→ **Description of the task**: In the records below, find the line containing "Two pastries on a white plate." and the line containing "霍桑ModernHaven -SoFi, Forum, Intuit的厨房配有白色橱柜和不锈钢冰箱"; please repeat exactly the lines from one to the other, both included, and nothing more.

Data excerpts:
┌──
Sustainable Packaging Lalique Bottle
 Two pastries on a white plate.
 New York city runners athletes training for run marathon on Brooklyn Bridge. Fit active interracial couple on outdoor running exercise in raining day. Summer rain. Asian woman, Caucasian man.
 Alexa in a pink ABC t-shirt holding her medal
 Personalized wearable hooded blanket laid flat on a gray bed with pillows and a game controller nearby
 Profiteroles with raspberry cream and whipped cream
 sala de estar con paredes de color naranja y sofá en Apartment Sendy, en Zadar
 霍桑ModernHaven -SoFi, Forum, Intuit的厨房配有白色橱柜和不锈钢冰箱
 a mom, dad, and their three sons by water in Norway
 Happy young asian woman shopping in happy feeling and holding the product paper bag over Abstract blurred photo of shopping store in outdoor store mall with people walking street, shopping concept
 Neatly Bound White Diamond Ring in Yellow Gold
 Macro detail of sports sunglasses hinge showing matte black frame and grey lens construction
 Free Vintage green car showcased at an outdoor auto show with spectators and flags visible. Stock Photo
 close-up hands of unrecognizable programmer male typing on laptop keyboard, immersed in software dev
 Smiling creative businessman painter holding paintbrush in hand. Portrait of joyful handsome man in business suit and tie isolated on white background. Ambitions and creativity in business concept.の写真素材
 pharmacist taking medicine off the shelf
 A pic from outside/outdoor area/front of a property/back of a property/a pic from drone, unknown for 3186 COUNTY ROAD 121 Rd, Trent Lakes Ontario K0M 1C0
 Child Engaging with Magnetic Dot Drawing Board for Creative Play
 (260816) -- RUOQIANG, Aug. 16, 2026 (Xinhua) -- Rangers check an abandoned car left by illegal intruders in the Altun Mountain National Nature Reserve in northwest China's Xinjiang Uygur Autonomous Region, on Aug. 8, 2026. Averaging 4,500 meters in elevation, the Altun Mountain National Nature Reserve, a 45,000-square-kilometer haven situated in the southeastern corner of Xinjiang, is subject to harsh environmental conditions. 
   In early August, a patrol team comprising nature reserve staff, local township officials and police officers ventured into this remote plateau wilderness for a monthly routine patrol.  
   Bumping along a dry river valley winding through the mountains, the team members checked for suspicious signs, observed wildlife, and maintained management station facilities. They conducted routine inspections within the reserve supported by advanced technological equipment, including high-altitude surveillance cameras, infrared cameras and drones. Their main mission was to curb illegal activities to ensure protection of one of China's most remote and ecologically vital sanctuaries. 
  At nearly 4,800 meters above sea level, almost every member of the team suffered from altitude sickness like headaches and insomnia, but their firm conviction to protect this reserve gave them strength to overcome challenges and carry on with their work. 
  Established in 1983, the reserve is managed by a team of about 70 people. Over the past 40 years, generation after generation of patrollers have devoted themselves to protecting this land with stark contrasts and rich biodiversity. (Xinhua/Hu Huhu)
└──
→ **Problem solution**:
 Two pastries on a white plate.
 New York city runners athletes training for run marathon on Brooklyn Bridge. Fit active interracial couple on outdoor running exercise in raining day. Summer rain. Asian woman, Caucasian man.
 Alexa in a pink ABC t-shirt holding her medal
 Personalized wearable hooded blanket laid flat on a gray bed with pillows and a game controller nearby
 Profiteroles with raspberry cream and whipped cream
 sala de estar con paredes de color naranja y sofá en Apartment Sendy, en Zadar
 霍桑ModernHaven -SoFi, Forum, Intuit的厨房配有白色橱柜和不锈钢冰箱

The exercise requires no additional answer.